血や酸素のように全身を駆け巡る、強く猛烈な感情。
『これだけの衝撃に勝るものはないだろう』
どこかから再び声が聞こえてきた。
その言葉に少しだけ、意識が戻される。
―――― ああ、そうか。
わたしの大事な友人は、この声が消したのだ。
わたしと関わったばかりに巻き込まれた少女。
それは今のわたしにだって理解はできる。
どこかで聞いたことがあるこの声が全て悪いって。
『随分と手こずらせてくれたものだな』
うるさい、少し黙って。
その声は妙に頭に響いて腹が立つ。
わたしのことなんかもっとずっと放っておいて。
今までずっと構わなかったのに、なんで今さら関わろうとするの?
『ああ、今日はナイトを呼ばないのか?』
その声が何のことを言ってるか、何を意味しているのかも分からない。
分かるのは、わたしの中で逆巻く激しい感情の渦。
それが怒涛のように起こり、内側から食い破るように爆ぜようとする。
それを懸命に押し止めようする何かがある気がしたが、思考が泡立ってよくまとまらない。
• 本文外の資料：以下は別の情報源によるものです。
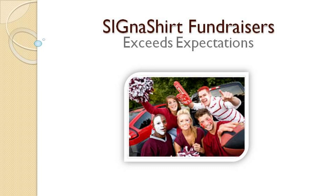Cigna Shirt Promotional Fundraisers are perfect for family and school reunions, graduation, and events of all kinds. For additional information on how Cigna Shirt Promotional Fundraisers can benefit your organization, simply click the video link below.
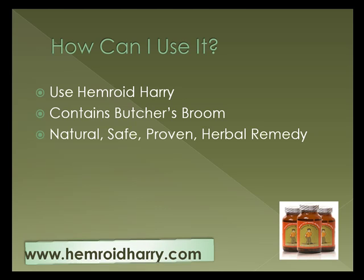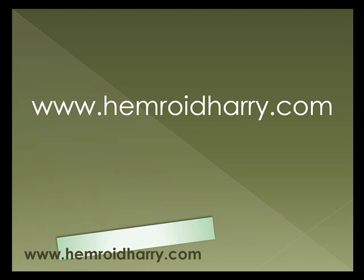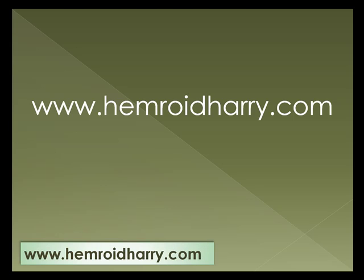You can use it for your hemorrhoids by using a supplement called Hemorrhoid Hairy. It's Hemorrhoid Hairy's herbal remedy, which contains Butcher's Broom, and it's a natural, safe, proven herbal remedy. You can get this remedy at HemorrhoidHairy.com. HemorrhoidHairy.com has a lot of free information — they explain exactly how their remedy works with all of the ingredients and all of the great effects of each ingredient. So definitely check it out and see if it can work for you.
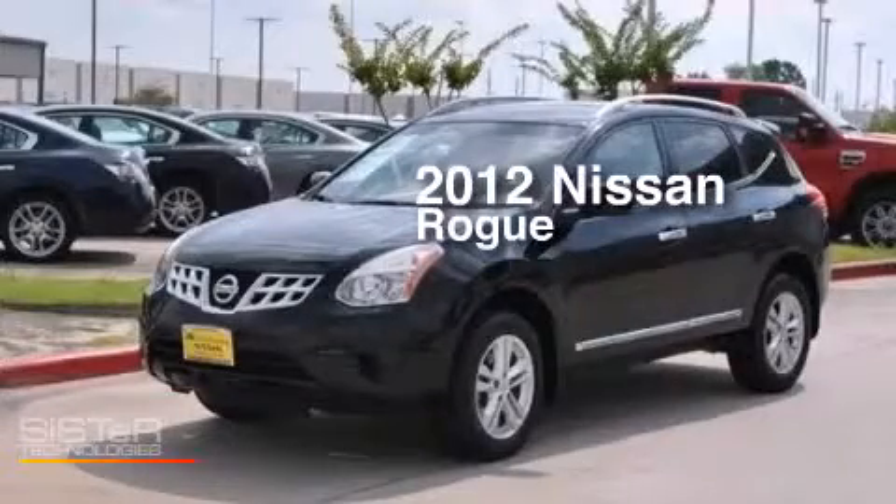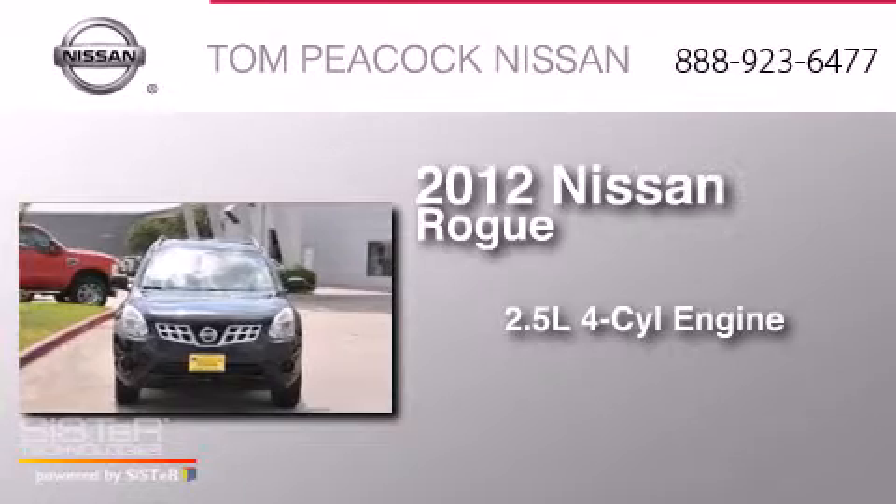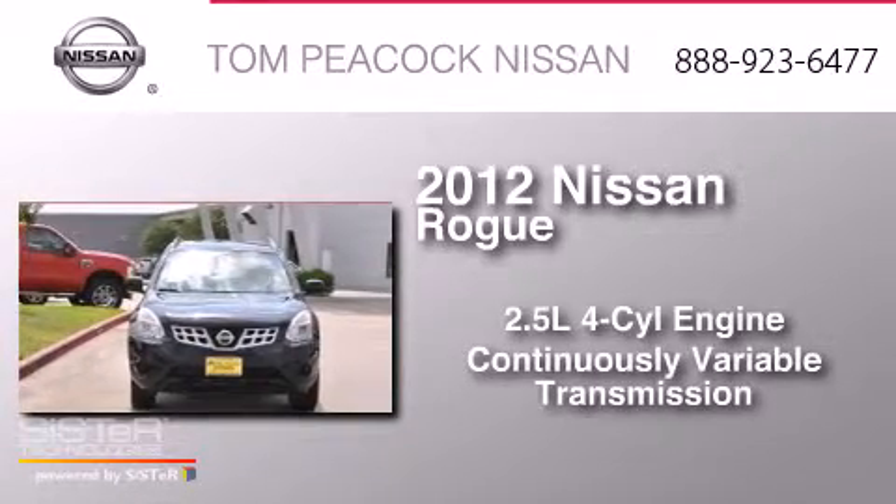This is a 2012 Nissan Rogue. It has a 2.5-liter four-cylinder engine and a continuous variable transmission.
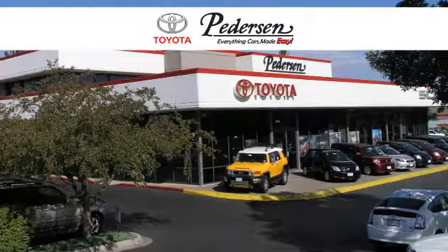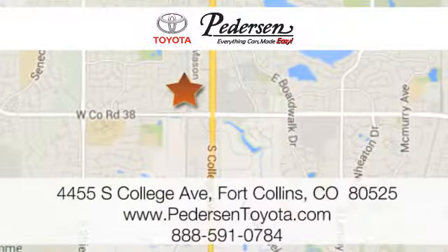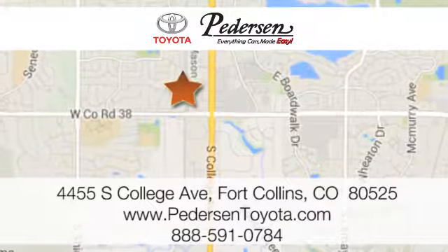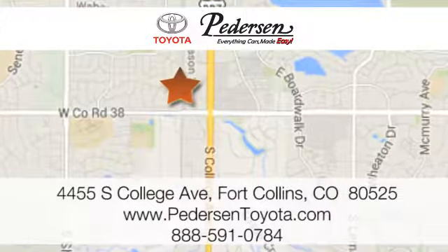Call, click, or visit us today. We're conveniently located at 4455 South College Avenue in Fort Collins, Colorado, or online anytime at petersontoyota.com.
さらに、何故か左手首からドス黒い感情が勢いよく流れ込んできて、わたしの思考が正常ではいられなくなっていく。
『さあ、変化しろ。この前のように』
聞こえてくるその言葉に、反省も謝罪の色はなかった。
ただそこに見えるのは歓喜の感情。
それがわたしを余計に苛立たせていく。
闇色の感情がわたしに近付いてくるのが目に見えなくても感じられた。
―――― ああ、そうだね。
そんなに簡単に無関係な人を消してしまうのなら、あなた自身も簡単に消される覚悟もしていることでしょう?
なんでそんな結論になったのかは分からない。
でも、流れていく竜巻のような感覚は、もう止められそうになかった。
せっかく今まで我慢してきたのに、これでおしまい。
ワタシの覚悟なんて小さなものは、昔から簡単に消されてしまうものなのだ。
押さえつけていても良いことなんて何もない。
結局こんな風に見つかって、そして、連れ戻されるんだ。
『そうすれば、我は…………』
聞こえてくる声の種類が変わった気がする。
でも、もう無理だ。
これを人間の力で止められるものか。
「――――っ!!」
自分でも何を言ったかが分からない。
『――――っ!!』
そして、それに対して、相手がどう答えたのかも分からない。
ただ分かるのは…………、分かるのは――――?
―――― ああ、良かった。
アレは「あなた」じゃなかったんだね。
何故か、そんな不思議な感情だった。